La Compagnie Nationale du Rhône (CNR), société anonyme d’intérêt général, est le concessionnaire du fleuve Rhône. Ses principaux actionnaires sont Engie et le Groupe Caisse des Dépôts, elle a trois missions solidaires entre elles : la production d’électricité (hydroélectricité mais aussi éolien et solaire), le développement du transport fluvial et l’irrigation des terres agricoles. Pour le transport fluvial, la CNR a construit ports, quais et écluses tout le long des 330 kilomètres de voies navigables entre Lyon et Marseille pour le transport des marchandises. « Cela crée un maillage très étroit, connecté au réseau ferroviaire, dans un bassin de vie qui ne cesse de grandir, avec des besoins de consommation croissants et dans un contexte de nécessaire réindustrialisation » indique Marie-Cécile Grisard. Le transport fluvial, c’est également la navigation de plaisance sur le Haut-Rhône, entre la frontière suisse et Lyon et de croisière entre Lyon et la Méditerranée. La protection de la biodiversité fait également partie des missions de la CNR.

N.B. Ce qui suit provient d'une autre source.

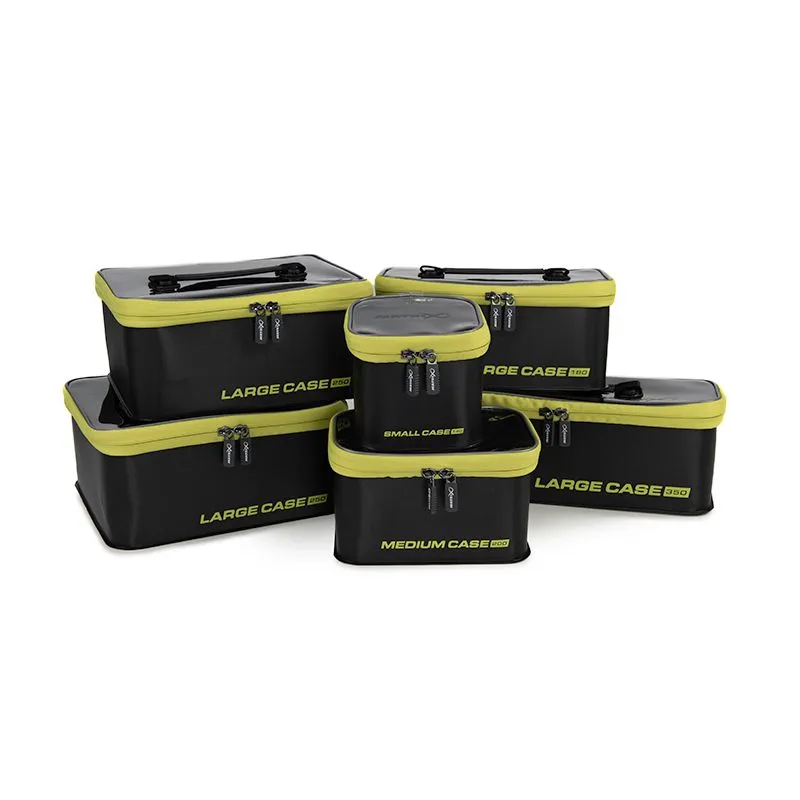 MATRIX EVA XL Tackle Storage System (Loaded)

Les Voies Navigables de France est un établissement public qui gère les 6 700 km de voies navigables de France, sauf le Rhône et le Rhin. Elle gère 7 bassins de navigation. Ses trois principales missions : exploiter et organiser la navigation, concourir à l’aménagement et au développement du territoire et assurer la gestion globale de l’eau en conciliant les différents usages (navigation, population, industriels, etc.). Pour rappel, le transport fluvial, c’est 52 millions de tonnes de marchandises en 2021, l’équivalent de 2,525 millions de camions, soit 290 000 tonnes de CO2 évitées.

CNR et les VNF font partie de l’association Medlink Ports qui regroupe les acteurs du système portuaire et œuvre au développement de l’activité et du transport multimodal sur l’axe Méditerranée-Rhône-Saône pour les flux import/export et les trafics domestiques.

La place des femmes dans leurs organisations progresse. « Au départ, CNR était un monde majoritairement d’ingénieurs, masculin, reconnait Marie-Cécile Grisard. Mais aujourd’hui, nous avons une palette de métiers, du prévisionniste météo jusqu’au trader qui vend notre électricité, en passant par des commerciaux pour convaincre les entreprises d’utiliser le transport fluvial ou des ingénieurs environnementaux et nos effectifs se sont féminisés ». La Présidente du directoire actuelle de CNR est une femme, Laurence Borie-Bancel.  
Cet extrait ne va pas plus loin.